EXERCISE DIRECTIONS> Wherever the string "White" appears in a line of the listing below, report that line.

── THE INPUT

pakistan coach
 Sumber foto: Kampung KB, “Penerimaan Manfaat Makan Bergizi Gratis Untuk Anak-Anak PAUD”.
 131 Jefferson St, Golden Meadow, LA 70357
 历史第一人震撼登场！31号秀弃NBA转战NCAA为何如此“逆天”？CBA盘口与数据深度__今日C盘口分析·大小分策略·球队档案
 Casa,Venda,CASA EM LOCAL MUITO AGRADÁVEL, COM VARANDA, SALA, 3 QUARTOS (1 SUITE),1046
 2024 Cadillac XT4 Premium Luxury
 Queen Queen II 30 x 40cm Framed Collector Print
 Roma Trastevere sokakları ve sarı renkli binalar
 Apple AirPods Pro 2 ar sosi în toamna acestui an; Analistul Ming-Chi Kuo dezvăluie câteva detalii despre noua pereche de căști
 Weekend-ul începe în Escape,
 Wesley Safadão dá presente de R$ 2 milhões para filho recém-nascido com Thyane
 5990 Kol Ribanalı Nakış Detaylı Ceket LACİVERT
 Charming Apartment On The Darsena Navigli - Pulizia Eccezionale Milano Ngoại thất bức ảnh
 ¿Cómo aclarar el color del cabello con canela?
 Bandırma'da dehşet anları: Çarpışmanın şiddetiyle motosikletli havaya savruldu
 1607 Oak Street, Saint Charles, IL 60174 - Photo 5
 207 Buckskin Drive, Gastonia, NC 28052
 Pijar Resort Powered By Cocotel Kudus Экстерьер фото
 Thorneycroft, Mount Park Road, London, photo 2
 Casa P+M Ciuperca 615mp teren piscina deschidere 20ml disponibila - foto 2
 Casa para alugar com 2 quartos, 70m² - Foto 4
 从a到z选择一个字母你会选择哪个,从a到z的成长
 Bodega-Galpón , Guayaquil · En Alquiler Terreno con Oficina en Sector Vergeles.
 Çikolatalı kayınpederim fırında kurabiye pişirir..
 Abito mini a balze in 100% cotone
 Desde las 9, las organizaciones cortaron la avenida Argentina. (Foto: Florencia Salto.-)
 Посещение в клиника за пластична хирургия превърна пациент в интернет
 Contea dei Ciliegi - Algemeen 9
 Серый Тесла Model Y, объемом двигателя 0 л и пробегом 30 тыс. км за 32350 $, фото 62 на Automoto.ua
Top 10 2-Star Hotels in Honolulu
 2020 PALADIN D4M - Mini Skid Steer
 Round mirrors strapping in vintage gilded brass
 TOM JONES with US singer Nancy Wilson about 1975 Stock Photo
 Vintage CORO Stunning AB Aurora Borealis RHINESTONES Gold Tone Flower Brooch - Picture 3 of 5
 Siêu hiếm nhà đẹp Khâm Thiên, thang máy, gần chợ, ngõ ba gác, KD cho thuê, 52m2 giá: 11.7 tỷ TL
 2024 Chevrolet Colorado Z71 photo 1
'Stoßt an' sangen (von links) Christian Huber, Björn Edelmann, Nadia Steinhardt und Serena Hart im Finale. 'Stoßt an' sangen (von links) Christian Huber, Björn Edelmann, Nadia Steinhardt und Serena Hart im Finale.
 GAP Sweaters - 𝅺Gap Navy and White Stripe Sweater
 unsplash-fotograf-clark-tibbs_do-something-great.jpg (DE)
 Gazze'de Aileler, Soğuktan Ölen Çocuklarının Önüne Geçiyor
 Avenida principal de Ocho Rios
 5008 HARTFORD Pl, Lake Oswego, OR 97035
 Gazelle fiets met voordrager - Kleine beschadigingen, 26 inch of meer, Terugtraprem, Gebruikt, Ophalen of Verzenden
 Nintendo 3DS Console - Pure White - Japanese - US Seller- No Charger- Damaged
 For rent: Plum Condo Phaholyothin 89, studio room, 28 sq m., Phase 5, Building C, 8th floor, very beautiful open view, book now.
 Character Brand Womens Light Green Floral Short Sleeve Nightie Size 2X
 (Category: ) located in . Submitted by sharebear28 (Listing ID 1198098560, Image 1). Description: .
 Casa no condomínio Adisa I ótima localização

────

RESPONSE>
 GAP Sweaters - 𝅺Gap Navy and White Stripe Sweater
 Nintendo 3DS Console - Pure White - Japanese - US Seller- No Charger- Damaged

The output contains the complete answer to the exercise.